Effect of laser texturing on the antiwear properties of micro-arc oxidation coating formed on Ti-6Al-4V

In this study, the advantages of laser texturing and micro-arc oxidation were combined to prepare an antiwear coating with a graded structure to improve the antiwear properties of titanium alloys. The morphology, structure, and composition of the coating were characterized by 3D surface profiler, SEM, EDS, and XRD, respectively. The antiwear properties and wear reduction effect of the composite coating were analyzed by using friction coefficient, wear rate, and wear scars. The results indicated that the micro-arc oxide coating consisted mainly of anatase and rutile, and higher proportions of rutile were detected in the laser texture composite micro-arc oxide (LT/MAO) coatings.
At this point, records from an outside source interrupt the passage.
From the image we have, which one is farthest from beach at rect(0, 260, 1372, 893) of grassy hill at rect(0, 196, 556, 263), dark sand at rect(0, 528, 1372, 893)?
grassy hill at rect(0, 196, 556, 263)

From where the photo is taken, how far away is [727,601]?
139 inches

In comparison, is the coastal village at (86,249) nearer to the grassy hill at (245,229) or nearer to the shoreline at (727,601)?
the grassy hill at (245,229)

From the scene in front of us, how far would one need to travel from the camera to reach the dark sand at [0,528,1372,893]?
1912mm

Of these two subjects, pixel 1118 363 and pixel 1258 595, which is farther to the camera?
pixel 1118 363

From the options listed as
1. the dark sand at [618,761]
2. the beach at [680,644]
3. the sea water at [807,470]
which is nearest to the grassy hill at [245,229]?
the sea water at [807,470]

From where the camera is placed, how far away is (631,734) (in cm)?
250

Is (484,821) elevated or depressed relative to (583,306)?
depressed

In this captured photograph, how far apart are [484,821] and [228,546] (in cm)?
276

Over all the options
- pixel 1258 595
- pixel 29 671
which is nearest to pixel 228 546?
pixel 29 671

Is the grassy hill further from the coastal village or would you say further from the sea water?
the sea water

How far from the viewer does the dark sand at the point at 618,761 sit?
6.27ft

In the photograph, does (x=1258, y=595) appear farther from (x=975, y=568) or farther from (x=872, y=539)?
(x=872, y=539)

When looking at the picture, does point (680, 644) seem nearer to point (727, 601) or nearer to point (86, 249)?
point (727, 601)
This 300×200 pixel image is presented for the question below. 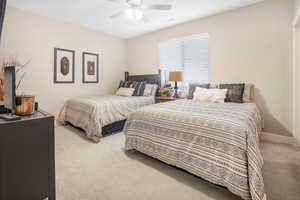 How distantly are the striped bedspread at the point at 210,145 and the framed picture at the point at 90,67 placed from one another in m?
2.80

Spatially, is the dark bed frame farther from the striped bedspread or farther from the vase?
the vase

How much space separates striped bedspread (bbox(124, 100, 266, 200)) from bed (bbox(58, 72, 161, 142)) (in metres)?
1.06

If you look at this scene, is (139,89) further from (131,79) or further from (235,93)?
(235,93)

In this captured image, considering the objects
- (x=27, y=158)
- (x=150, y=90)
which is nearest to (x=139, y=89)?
(x=150, y=90)

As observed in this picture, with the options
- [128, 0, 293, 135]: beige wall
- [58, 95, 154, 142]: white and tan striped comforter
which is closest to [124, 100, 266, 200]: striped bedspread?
[58, 95, 154, 142]: white and tan striped comforter

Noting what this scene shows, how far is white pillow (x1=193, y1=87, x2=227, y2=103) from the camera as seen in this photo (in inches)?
110

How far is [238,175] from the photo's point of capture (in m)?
1.33

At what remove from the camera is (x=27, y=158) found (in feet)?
3.60

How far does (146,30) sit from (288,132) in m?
3.98

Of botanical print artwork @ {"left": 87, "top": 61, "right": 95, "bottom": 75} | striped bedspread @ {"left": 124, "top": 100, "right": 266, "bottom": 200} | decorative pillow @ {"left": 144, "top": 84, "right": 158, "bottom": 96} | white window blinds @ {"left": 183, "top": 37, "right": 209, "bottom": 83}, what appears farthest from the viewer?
botanical print artwork @ {"left": 87, "top": 61, "right": 95, "bottom": 75}

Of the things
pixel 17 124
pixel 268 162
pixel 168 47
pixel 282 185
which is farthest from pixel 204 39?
pixel 17 124

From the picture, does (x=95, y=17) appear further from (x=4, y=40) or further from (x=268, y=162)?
(x=268, y=162)

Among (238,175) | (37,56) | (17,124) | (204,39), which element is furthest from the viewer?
(204,39)

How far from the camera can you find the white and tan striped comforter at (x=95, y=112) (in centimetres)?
285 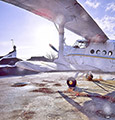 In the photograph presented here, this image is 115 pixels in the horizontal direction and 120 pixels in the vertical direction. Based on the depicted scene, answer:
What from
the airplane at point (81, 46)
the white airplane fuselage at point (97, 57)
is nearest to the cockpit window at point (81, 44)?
the airplane at point (81, 46)

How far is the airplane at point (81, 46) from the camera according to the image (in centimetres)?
308

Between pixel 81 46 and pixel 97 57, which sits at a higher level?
pixel 81 46

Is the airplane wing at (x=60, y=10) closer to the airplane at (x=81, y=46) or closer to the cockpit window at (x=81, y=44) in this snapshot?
the airplane at (x=81, y=46)

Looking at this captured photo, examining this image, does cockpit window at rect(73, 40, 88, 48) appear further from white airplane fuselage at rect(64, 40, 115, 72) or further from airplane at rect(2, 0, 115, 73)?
white airplane fuselage at rect(64, 40, 115, 72)

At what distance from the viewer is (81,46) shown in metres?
4.58

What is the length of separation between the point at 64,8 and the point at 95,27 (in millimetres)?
1690

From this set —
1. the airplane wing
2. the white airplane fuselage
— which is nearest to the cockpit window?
the white airplane fuselage

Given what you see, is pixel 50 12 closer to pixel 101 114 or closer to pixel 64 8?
pixel 64 8

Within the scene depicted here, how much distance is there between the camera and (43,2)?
2.69 meters

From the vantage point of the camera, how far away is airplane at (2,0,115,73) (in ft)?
10.1

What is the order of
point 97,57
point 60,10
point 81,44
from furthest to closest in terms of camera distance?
point 81,44 → point 97,57 → point 60,10

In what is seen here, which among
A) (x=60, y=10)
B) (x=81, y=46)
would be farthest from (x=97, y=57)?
(x=60, y=10)

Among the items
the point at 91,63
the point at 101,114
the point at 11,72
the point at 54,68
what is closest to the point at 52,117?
the point at 101,114

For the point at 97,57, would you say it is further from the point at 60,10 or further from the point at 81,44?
the point at 60,10
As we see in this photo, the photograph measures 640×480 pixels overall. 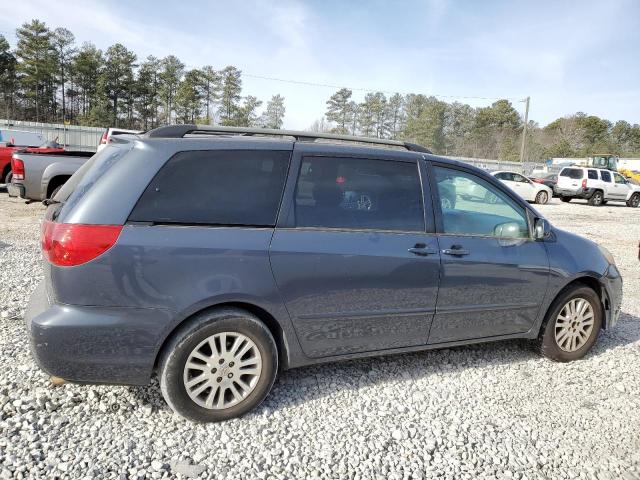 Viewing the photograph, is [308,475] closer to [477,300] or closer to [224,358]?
[224,358]

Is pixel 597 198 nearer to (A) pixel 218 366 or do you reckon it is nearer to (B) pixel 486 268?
(B) pixel 486 268

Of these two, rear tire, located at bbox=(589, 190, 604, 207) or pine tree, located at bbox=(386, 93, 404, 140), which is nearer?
rear tire, located at bbox=(589, 190, 604, 207)

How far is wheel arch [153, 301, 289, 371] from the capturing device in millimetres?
2645

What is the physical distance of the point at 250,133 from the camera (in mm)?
3176

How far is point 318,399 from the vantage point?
10.2 feet

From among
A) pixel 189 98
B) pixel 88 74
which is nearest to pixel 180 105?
pixel 189 98

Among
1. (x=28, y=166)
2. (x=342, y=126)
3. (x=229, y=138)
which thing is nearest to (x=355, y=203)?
(x=229, y=138)

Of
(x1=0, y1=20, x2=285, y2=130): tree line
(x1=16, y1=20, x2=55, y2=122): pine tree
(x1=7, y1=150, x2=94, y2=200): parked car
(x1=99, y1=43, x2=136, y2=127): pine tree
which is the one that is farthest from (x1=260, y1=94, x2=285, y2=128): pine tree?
(x1=7, y1=150, x2=94, y2=200): parked car

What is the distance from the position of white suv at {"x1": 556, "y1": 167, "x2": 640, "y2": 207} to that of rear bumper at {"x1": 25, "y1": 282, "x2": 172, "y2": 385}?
973 inches

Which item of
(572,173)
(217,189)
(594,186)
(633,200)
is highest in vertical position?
(572,173)

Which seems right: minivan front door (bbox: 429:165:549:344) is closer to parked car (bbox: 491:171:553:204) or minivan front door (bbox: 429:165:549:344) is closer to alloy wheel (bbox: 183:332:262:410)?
alloy wheel (bbox: 183:332:262:410)

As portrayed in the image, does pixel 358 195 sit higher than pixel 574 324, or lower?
higher

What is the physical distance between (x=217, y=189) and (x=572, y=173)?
2480cm

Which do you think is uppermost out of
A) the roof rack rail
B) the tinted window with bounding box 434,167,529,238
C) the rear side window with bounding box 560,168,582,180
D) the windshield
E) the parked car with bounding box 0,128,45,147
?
the windshield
The main elements of the micro-arc oxidation coating were Si, Ti, and O. Laser texturing can significantly reduce wear rates and improve the antiwear properties of the micro-arc oxidation coating. Compared with the untextured micro-arc oxidation coating, the wear rate and average friction coefficient of the LT/MAO coating were reduced by 26 % and 28 %, which were 0.262 × 10−6 mm3·N−1·m−1 and 0.23, respectively. Meanwhile, the LT/MAO coating exhibits longer life under extended wear. In the later stages of wear, the coating debris from the inner edge of the microgroove floated to the upper surface forming secondary lubrication and extending the protective effect of the micro-arc oxidation coating on the substrate.